The build runs in order. The chicken is minced fine and worked with onion, ginger, garlic, green chili, and warm spice until it is sticky enough to hold its shape, then pressed onto a skewer and cooked over high heat so the outside firms and colors while the inside stays moist. The paratha is griddled separately on a hot tawa with fat until it is layered, pliable, and lightly crisp. The kebab is slid off the skewer onto the bread, sliced or left whole, then dressed with thin-cut raw onion, a squeeze of lime, and a chutney before the bread is rolled tight, often around a paper sleeve. Good execution gives a kebab that is cooked through but still tender, a paratha that bends without cracking, and a roll wrapped tightly enough that it does not unravel halfway through. The common failures are a dry, overworked kebab that crumbles, a cold or flabby paratha that tears, and too much chutney that turns the bread to mush.

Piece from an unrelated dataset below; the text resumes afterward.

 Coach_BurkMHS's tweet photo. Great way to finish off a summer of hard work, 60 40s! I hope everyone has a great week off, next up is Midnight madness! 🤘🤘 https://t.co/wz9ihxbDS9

Variations move along heat and richness. A spicier version drives green chili and black pepper into the mince and brings a sharper chili chutney; a milder one leans on a cooling mint-coriander chutney and a softer spice profile. Double-kebab builds add a second skewer's worth of meat, and some shops swap a roomali or naan for the paratha, which changes the chew. The chunk-based tikka rolls, the egg rolls, and the mutton seekh version are close relatives but each deserves its own article rather than being crowded in here. What stays constant is the principle: a properly ground, properly grilled seekh kebab that is juicy and charred, carried in a fresh, pliable paratha, with raw onion, acid, and chutney kept sharp against the richness.